Uluslararası kredi derecelendirme kuruluşu Fitch Ratings’in Kıdemli Direktörü ve Türkiye Analisti Erich Arispe Morales, Türkiye’nin mevcut ekonomi politikasının dayanıklılığının arttığını ve politikaların sürdürüleceğine olan güvenin arttığını belirtti.
Morales, geçen hafta cuma günü yaptıkları değerlendirmeyle ilgili olarak, “Politika değişikliğinin etkinliği, rezerv seviyelerindeki iyileşme, dolarizasyonu artırmadan döviz korumalı mevduatların azaltılması, cari açığın düşürülmesi ve enflasyon beklentilerinin hafifletilmesine ilişkin gelişmeler, geçen hafta cuma günü açıkladığımız değerlendirmemizi doğruluyor.” dedi.
Değişim İstikrarı Arttı
Fitch Ratings’in Türkiye’nin kredi notunu ‘B’den ‘B+’ya çıkardığını ve not görünümünü “durağan”dan “pozitif”e çıkardığını hatırlatan Morales, bu kararın Türkiye’nin ekonomi politikalarındaki değişimin istikrarı artırdığına olan güvenlerini yansıttığını belirtti.

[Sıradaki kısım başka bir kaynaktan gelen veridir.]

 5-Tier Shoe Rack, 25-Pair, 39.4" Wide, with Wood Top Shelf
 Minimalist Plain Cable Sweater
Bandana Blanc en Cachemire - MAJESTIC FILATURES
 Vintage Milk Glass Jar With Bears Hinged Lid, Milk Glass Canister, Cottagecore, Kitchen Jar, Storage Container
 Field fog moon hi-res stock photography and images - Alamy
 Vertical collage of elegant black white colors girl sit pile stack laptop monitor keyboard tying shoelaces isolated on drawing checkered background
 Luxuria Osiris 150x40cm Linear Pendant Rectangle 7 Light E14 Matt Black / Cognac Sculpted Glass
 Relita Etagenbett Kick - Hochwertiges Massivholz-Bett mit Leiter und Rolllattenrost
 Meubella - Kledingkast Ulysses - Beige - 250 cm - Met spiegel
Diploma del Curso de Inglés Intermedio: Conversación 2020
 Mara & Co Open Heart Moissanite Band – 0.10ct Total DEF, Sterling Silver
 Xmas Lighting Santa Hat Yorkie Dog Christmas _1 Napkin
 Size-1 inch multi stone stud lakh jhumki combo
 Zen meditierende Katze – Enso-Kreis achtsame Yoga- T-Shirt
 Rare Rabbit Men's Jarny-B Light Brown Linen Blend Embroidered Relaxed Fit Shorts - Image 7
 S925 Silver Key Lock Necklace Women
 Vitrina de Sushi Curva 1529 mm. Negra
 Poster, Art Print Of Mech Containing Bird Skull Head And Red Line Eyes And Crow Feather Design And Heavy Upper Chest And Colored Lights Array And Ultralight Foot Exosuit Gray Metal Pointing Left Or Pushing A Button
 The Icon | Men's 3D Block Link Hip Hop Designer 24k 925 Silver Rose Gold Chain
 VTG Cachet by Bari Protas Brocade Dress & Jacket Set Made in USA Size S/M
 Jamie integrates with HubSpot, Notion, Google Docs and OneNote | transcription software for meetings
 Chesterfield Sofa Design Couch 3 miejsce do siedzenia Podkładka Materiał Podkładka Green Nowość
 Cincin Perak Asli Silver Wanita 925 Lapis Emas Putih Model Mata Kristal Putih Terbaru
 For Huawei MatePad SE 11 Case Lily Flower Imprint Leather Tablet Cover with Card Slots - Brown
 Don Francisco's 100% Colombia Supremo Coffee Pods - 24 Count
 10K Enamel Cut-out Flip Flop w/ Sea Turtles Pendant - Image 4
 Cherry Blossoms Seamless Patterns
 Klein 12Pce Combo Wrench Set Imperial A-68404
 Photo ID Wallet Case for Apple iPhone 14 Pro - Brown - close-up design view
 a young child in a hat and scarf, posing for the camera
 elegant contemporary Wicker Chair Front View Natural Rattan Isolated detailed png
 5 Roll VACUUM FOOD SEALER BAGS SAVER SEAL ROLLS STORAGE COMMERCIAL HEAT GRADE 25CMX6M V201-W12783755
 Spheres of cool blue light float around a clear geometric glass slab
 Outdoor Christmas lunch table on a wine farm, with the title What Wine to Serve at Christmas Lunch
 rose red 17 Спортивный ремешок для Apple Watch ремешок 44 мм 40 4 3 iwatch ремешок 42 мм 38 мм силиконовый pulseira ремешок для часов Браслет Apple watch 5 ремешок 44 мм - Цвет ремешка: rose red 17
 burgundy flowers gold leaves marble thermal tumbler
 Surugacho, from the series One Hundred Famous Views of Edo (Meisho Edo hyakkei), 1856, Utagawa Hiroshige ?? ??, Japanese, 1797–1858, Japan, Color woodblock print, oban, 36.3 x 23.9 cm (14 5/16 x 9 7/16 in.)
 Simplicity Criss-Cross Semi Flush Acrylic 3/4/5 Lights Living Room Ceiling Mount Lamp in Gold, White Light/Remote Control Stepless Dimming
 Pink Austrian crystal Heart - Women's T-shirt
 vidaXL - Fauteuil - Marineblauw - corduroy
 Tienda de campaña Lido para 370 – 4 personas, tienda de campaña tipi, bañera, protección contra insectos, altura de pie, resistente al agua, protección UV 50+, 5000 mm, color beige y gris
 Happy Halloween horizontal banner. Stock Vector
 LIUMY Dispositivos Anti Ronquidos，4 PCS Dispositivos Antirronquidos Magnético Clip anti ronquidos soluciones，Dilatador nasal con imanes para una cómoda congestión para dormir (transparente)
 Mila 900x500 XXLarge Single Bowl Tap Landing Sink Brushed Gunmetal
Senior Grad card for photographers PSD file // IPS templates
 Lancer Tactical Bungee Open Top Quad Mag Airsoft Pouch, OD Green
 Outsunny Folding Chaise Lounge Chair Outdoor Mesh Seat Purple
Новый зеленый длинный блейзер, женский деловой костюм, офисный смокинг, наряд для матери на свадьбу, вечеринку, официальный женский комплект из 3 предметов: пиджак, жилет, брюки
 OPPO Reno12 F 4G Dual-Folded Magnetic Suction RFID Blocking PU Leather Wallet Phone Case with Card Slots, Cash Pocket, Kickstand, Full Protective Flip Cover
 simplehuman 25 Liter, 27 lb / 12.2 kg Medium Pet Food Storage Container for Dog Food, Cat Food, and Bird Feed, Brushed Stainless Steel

Morales, Türkiye’nin makroekonomi politikalarındaki tutarlılığın bazı önemli sonuçlar doğurduğunu ifade ederek, özellikle dış finansman koşullarındaki değişimi vurguladı. Bankaların ve şirketlerin dış finansmana erişim sağladığını ve Türk ekonomisi için olumlu gelişmeler kaydedildiğini belirtti.
Son olarak, Morales, Fitch Ratings’in Eylül ayında Türkiye’nin kredi notunu teyit ettiğini ve not görünümünü “negatif”ten “durağan”a çıkardığını hatırlattı ve Türkiye’nin ekonomi politikalarındaki güvenilirliğine olan inancın arttığını vurguladı.
Morales’in Açıklamasından Diğer Öne Çıkan Başlıklar
Morales, Türkiye’nin ekonomi politikalarına dair önemli açıklamalar yaptı.
Cari Açığın Azaltılması İçin de Tutarlı
Ayrıca şu anki politikaların Türkiye’nin cari açığını azaltması için de tutarlı olduğu görüşündeyiz. Mayıs 2023’te 12 aylık bazda 60 milyar dolar seviyesinde olan cari açık düşmeye başladı ve yılı 45 milyar dolar seviyesinde kapattı. İleriye dönük ise ülkedeki cari açığın 2024’te Gayri Safi Yurt İçi Hasıla’nın (GSYH) yaklaşık yüzde 2,6’sına ve 2025’te yüzde 2,2’sine düşmesini bekliyoruz. Bu oran, Türkiye ile benzer derecelendirmeye sahip diğer ülkeler için öngörülen ortalamanın altında.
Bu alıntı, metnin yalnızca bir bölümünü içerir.